By Janice Lane Palko



One of the first pieces I ever wrote and sold was a story about how when I was a kid, I would stay overnight at my Grandma Gert’s house, who also had her mother, my Great Grandmother Cornelia Ledergerber, living with her. Whenever I shared a bed with either of them, we’d lie in the dark, and they would tell me stories. I can still recall how Grandma Gert told me about how her father mistakenly polished his white buck shoes before going to Kennywood with zinc ointment, and how all the leaves stuck to his shoes when he strolled the midway.


Grand Leder, as we called her, told me about how when she was four, she traveled to Steamboat Springs, Colorado, by covered wagon. (Sadly, no one including my mother and aunts ever asked her why she made such an arduous journey. It remains a mystery.) She also told me about how her son, my Great Uncle Buddy, crossed the Rhine River in Germany during the Allied Invasion during World War II, how he was missing in action for several days, turning her hair gray. She told me about how they nearly starved during The Depression. They both told me other stories, funny, sad, and remarkable ones about others in our family. 
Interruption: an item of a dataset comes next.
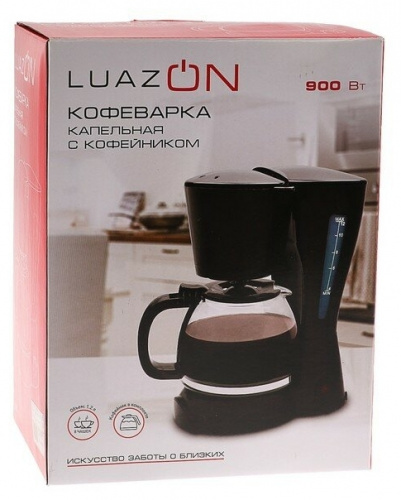 Купить Кофеварка LUAZON HOME LKM-654 3863050 в Липецке фото 6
Recently, we had our three granddaughters, Sadie, 9; Hannah, 7; and Scarlett, 5; stay overnight. We made up the cozy sleeper sofa in the spare bedroom and tucked them in. However, one by one they each dragged a sleeping bag into our bedroom and asked if they could sleep in our room. 


Thirty-three years ago, we moved into our present house because we had outgrown our previous home as I was eight months pregnant with my third child. After I delivered, we kept my newborn son in a cradle in our room. And every night it seemed my five-year-old twins would drag their sleeping bags into our room asking to “camp out” in our bedroom. I used to quip to my husband, “that we moved to a bigger house to get more space, but we could have moved to an igloo as we were all sleeping in one room.”


In the words of Yogi Berra, having the girls sleeping on our floor was “déjà vu all over again.”

Of course, there was jostling for space on the floor and cries of “she’s kicking my head,” or “she’s breathing too loudly” or “I’m not sleepy.” To get them to settle down, I said I’m going to tell you some funny stories. I told them about the time when I was in third grade and my brother was in first, how a woodpecker made a giant deposit on his head as we walked to the school bus. How he cried as the droppings dripped off his ears and onto his shirt and how I rushed him home where my mom shoved his head under the kitchen faucet and washed his hair, changed his shirt, and sent him off to school.


I told them how my youngest brother when he was in first grade took to drawing a mustache with my mother’s eyebrow pencil above his lip and how he got in trouble at school for calling the teacher a “turkey” for taking the record I Don’t Give a Damn About a Greenback Dollar off the record player before the song was over.


We laughed in the dark and it reminded me of decades ago when I spent the night with my grandmothers. As they settled down and got sleepy, Sadie yawned and said, “This was fun. I’m tired, but I think we should continue the stories.”

I agree. 


My wish is that 40-50 years from now she and her sisters know the great joy of having grandchildren, lying in the dark and continuing the stories.